Вот уж чего не ожидала от него услышать.
– Да ладно.
Переместив вес на другую ногу, я ощутила через платье все неровности стены.
– Нет, – усмехнулся он, – он у нас бойскаут. Или как они себя называют в Англии, лэдскаут?
Арчер посмотрел в сторону, где из дверей ресторана вышла и застучала туфлями на высоченных шпильках какая-то девица.
– Кто у нас мог бы быть плохим парнем, так это Джош. Просто ему всё по барабану, – он пожал плечами. – Ударник, одним словом.
Я понимающе кивнула.
– Мама постоянно предупреждает меня насчёт ударников.
– Да ну? – сказал он, немного округлив глаза, и я обратила внимание на то, какими длинными были его ресницы.
Я улыбнулась.
– Она могла бы так сказать.
– Кому, как не ей знать.
Арчер прислонился плечом к стене.
– А про басистов она что-нибудь говорила?
Мне сразу вспомнилось мамино табу на музыкантов, пробежавшее неоновой бегущей строкой в голове.

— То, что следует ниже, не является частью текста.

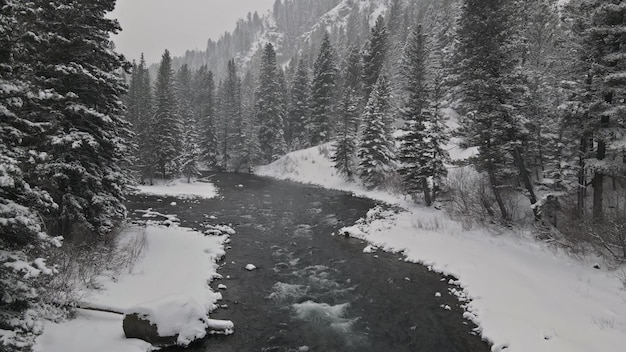 Winter besneeuwde bergscène de forest yellowstone rivier op sneeuwval met pijnbomen van besneeuwde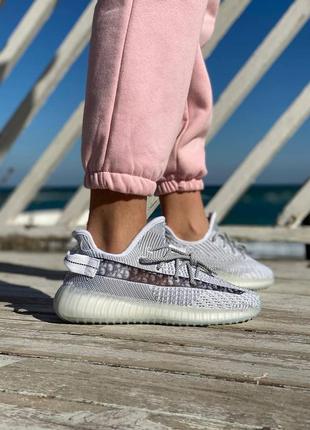Женские кроссовки  adidas pupos adidas adi nova blue color code html grey dior 2 (рефлективні шнурки)
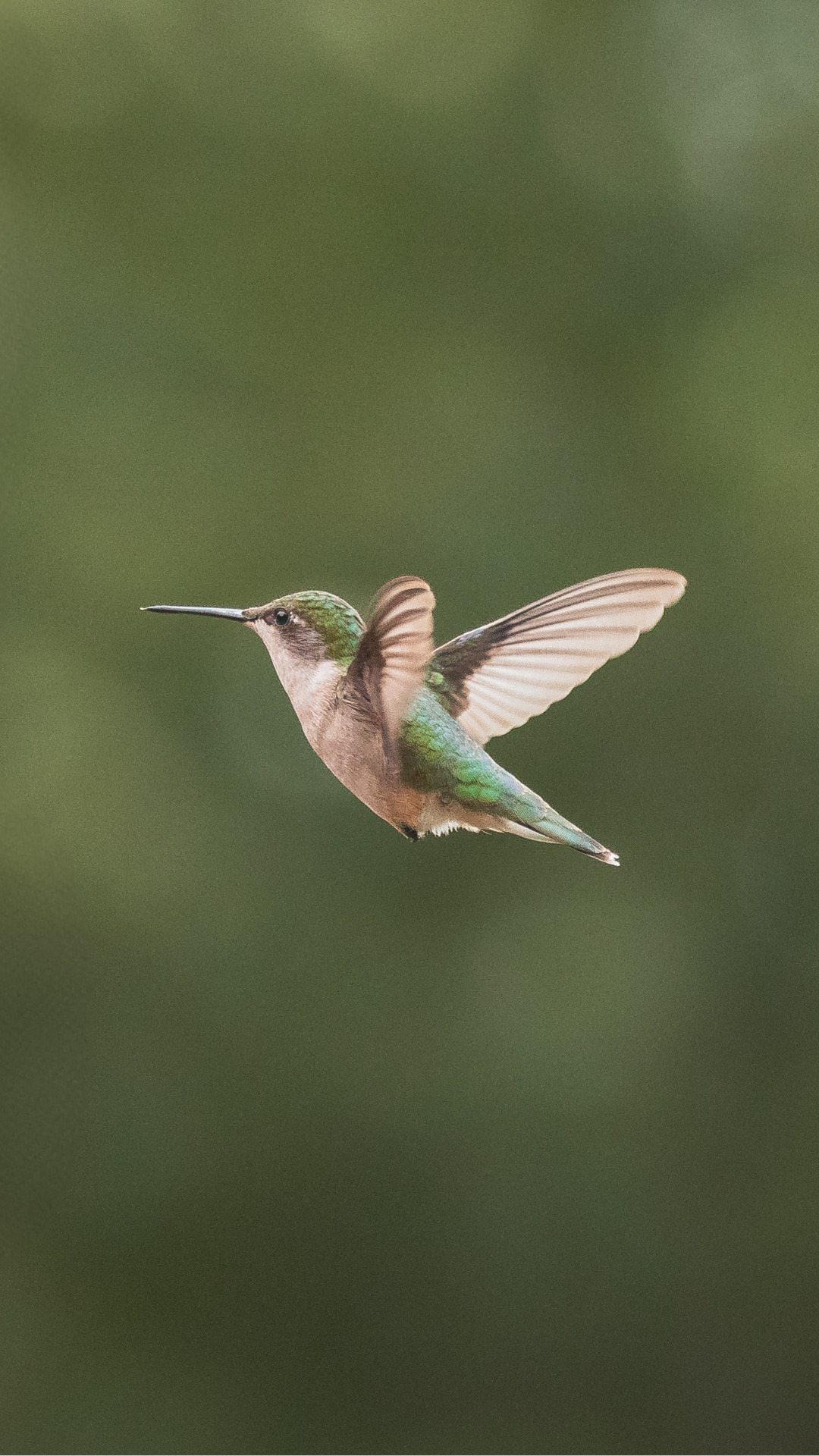 Hummingbird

– Уверена, что она бы расширила предупреждение на всех музыкантов. Даже на кларнетистов.
– И тубистов? – добавил Арчер.
– Даже на ксилофонистов, – сказала я, содрогнувшись для пущего эффекта.
Я уже настроилась продолжать перечислять, как он вытащил из кармана пачку сигарет.
– Не возражаешь? – спросил он.
Вообще, меня несколько ошарашило то, что он курит, но раз уж мы были на улице, то имело ли смысл возражать? Я потрясла головой.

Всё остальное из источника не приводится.